Egyptians Forged Jewelry Out Of Meteorites: Discovery Of Iron Bead Has Implications To Formation Of Religion

In case Egyptians didn't seem awesome enough, it's recently been discovered that they made jewelry from meteorites. Scientists have now confirmed with the help of special microscopes that an iron bead found inside a 5,000-year-old Egyptian tomb has celestial origons-- it was made from a meteorite.

The bead was made thousands of years before Egypt's Iron Age and is the first known example of Egyptian iron use. They jewelry also provides interesting clues to the possible origin of Egyptian mythology and religious belief.

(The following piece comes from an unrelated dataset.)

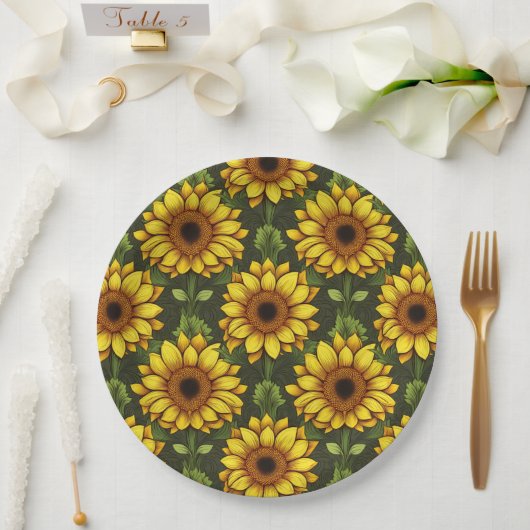 Assiettes En Carton Tournesol orange jaune avec vert et Brown (Mariage)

Co-author Dr Joyce Tyldesley, a Senior Lecturer in Egyptology at The University of Manchester, told press, "Today, we see iron first and foremost as a practical, rather dull metal. To the ancient Egyptians, however, it was a rare and beautiful material which, as it fell from the sky, surely had some magical/religious properties.

"They therefore used this remarkable metal to create small objects of beauty and religious significance which were so important to them that they chose to include them in their graves."

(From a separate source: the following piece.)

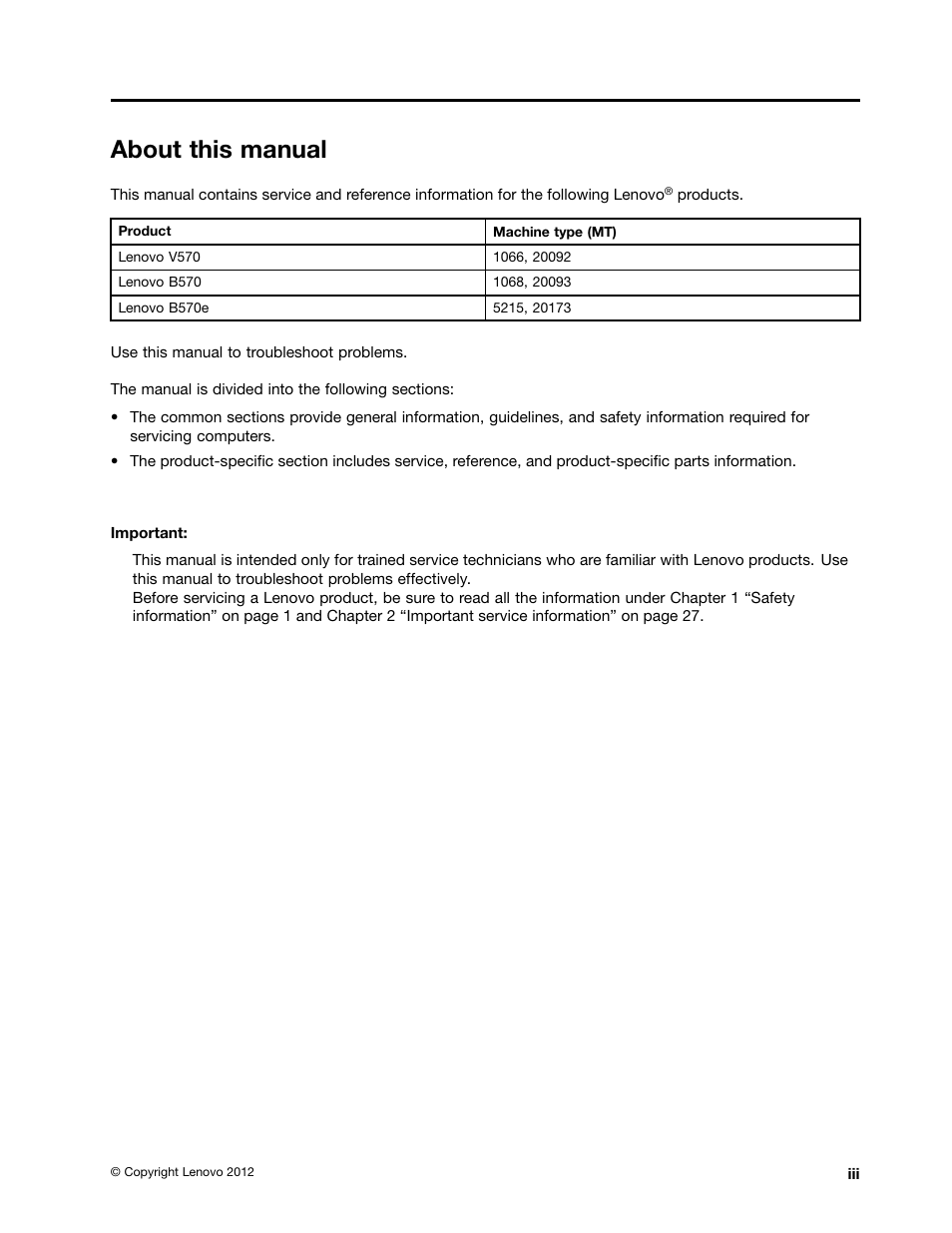 About this manual | Lenovo V570 Notebook User Manual | Page 5 / 96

The tube-shaped bead was found in 1911 at the Gerzeh cemetery, near Cairo, and is from between 3350 B.C. and 3600 B.C. When the jewelry was first discovered, researchers noted that the beads were high in nickel - one sign they came from meteorites. But later academics thought the nickel could have been the result of smelting. The beads were analyzed with an electron microscope and an X-ray CT scanner, and found that it wasn't - the beads have celestial origins.

"The sky was very important to the ancient Egyptians," says Joyce Tyldesley, an Egyptologist at the University of Manchester, UK, and a co-author of the paper. "Something that falls from the sky is going to be considered as a gift from the gods."

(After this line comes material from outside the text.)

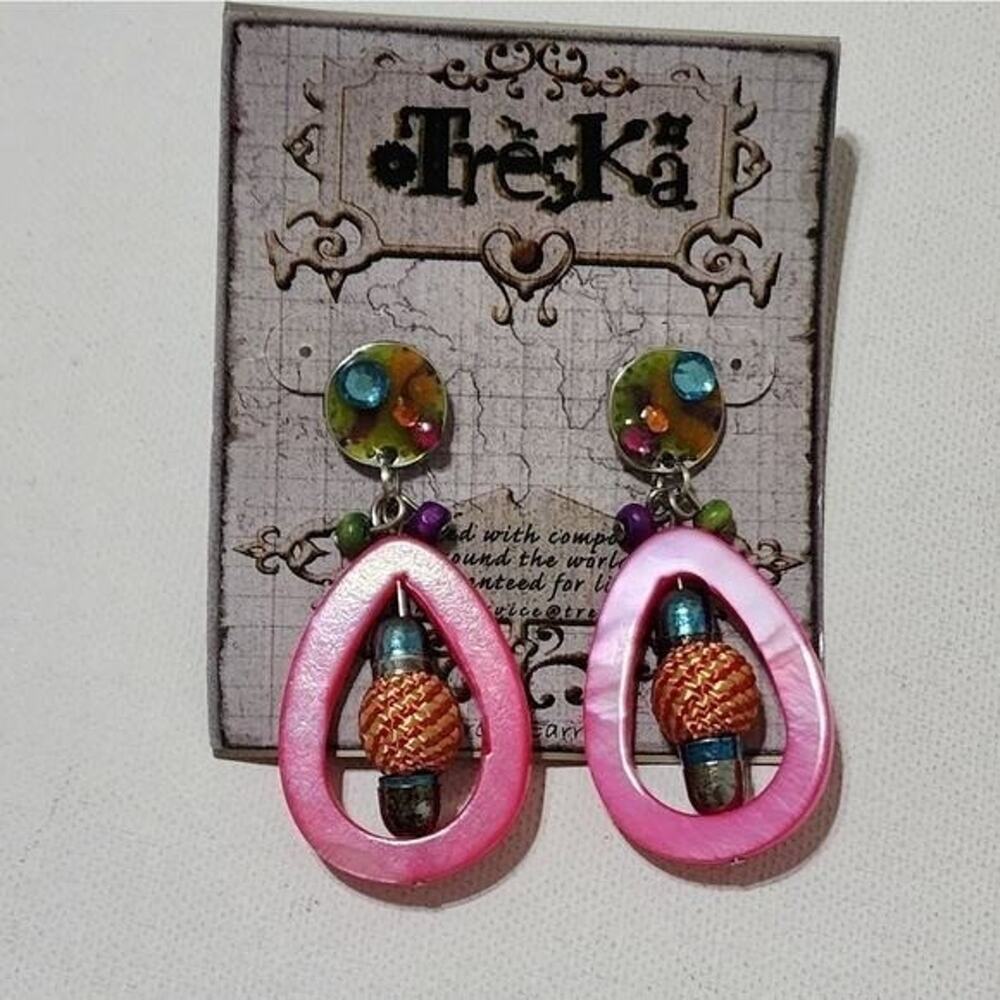 Treska Pink Teardrop Drop Earrings Bohemian Mixed Media Woven Bead Resin Studs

The researchers were not allowed to cut the bead open, but they found areas where the surface had weathered away into "little windows" to the metal underneath.

The scientists found something curious - the bead had a distinctive structure in its molecular composition found only in meteorites that cool slowly inside asteroids during the solar system's formation. The crystal structure is called a Widmanstätten pattern.

The team also found that the bead was not smelted or molded into heat, but hammered into place in cold-working, clearing up mysteries about the likelihood of melting metal down long before it was known to be possible.

Philip Withers, Professor of Materials Science at The University of Manchester, told press: "Meteorites have a unique microstructural and chemical fingerprint because they cooled incredibly slowly as they travelled through space. It was really interesting to find that fingerprint turn up in Egyptian artifacts."

While nothing can be confirmed about Egyptian religion before the advent of writing, the finding might also have significant implications to the development of Egyptian religious beliefs. Campbell Price, a curator of Egypt and Sudan at the Manchester Museum, notes that later in Egyptian history, during the time of the pharaohs, the gods were said to have bones forged from iron.

He speculates that meteorites may have inspired this belief, and that the rocks were viewed as the physical remains of the gods falling.